Дома отец ходил в стеганом шелковом халате с кистями на поясе, как барин из романов Толстого. Разговаривая с ней, наклонялся, хотя она быстро выросла почти с него.
У нее были няни. Первую она помнила плохо, молчаливая девушка, на прогулках крепко держала ее за руку.
Потом, когда жили в Вене, где отец был посланник Коминтерна, была немецкая сухая старушка, которая читала ей на ночь страшные сказки. Она немного шепелявила, ее грассированное Р было резким, гортанным, от этого сказки звучали особенно зловеще, как проклятия злой колдуньи, и потом Лиза долго не могла уснуть.

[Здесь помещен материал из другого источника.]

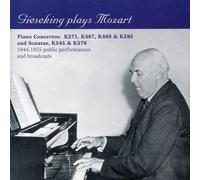 Mozart, W.A. - Piano Concerto (2 CD)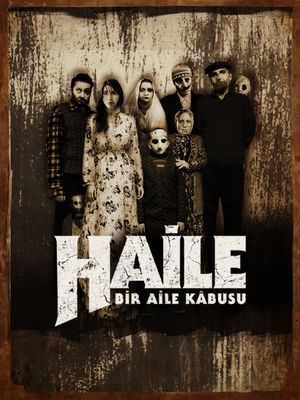 Haile: A Family Nightmare's poster image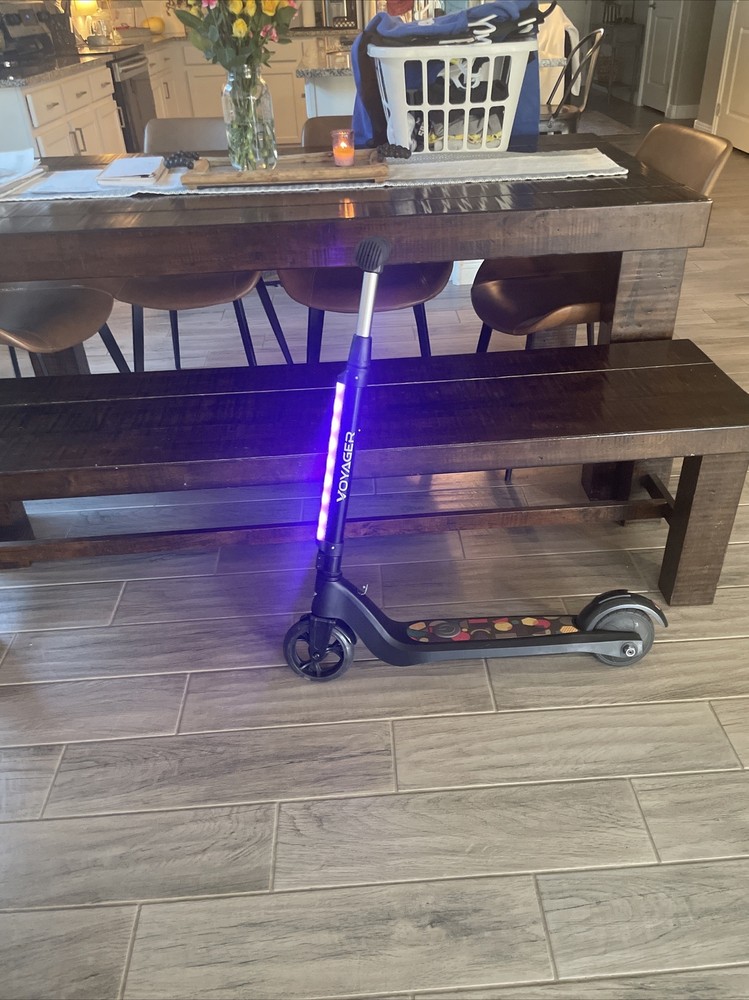 Kids Electric Scooter (buyer pays shipping)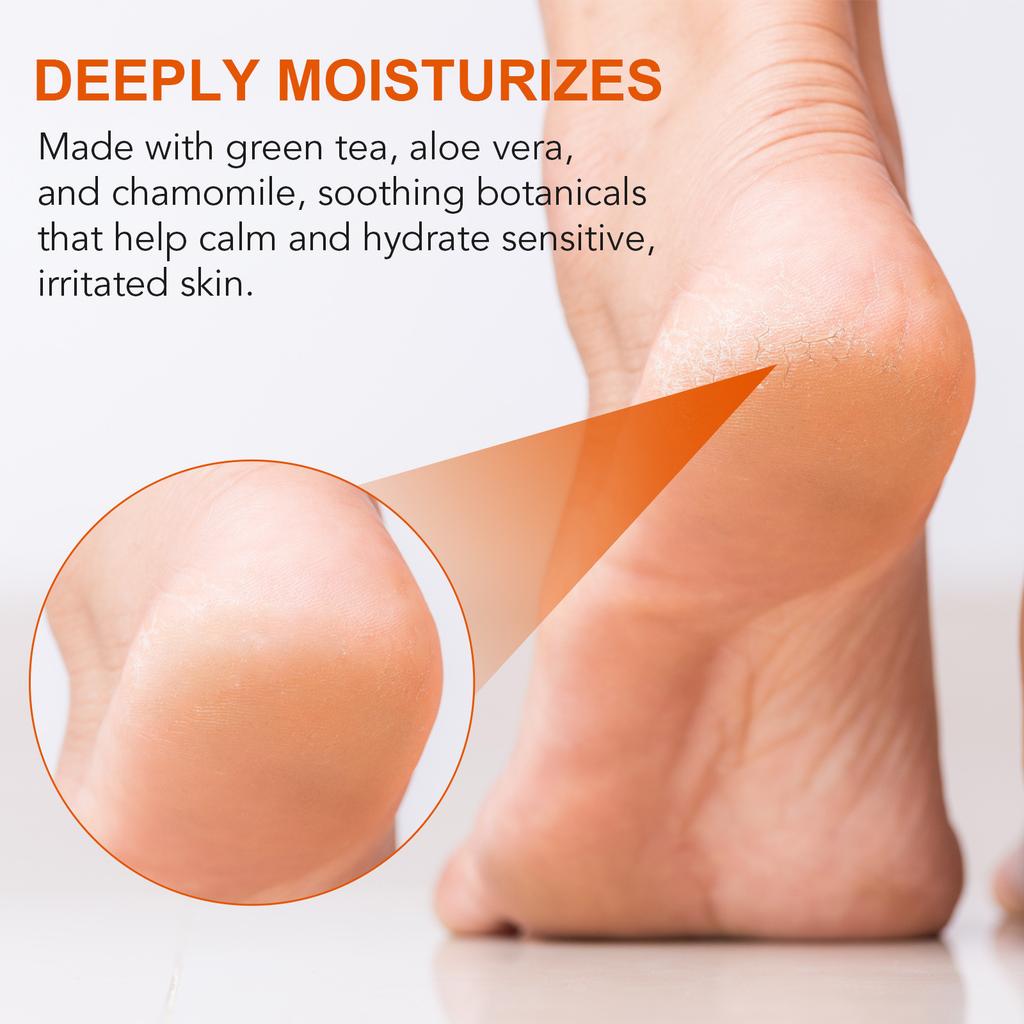 Стик для ухода за руками и ногами с медом манука Увлажняющий Нелипкий Крем для гладкости рук и ног 40 г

Няня всегда сидела в углу и вязала, пока мать учила Лизу читать и писать по-русски. Лиза не хотела, капризничала, ей было привычно и легко жить на немецком: и мать, и няня, и отец, и все вокруг, дети в парке, булочник, швейцар в подъезде — немецкий мир. Мать читала ей русские книжки, про Филипка в лаптях, несчастную потерянную собаку, русский мир казался Лизе больным, занесенным снегом, опасным.
При отце няня обычно молчала, без него подолгу шепталась с матерью, обе часто плакали, потом к ночи она запиралась на ключ в своей комнате. Перед отъездом семьи в Москву она хотела подарить Лизе библию, но отец не позволил взять.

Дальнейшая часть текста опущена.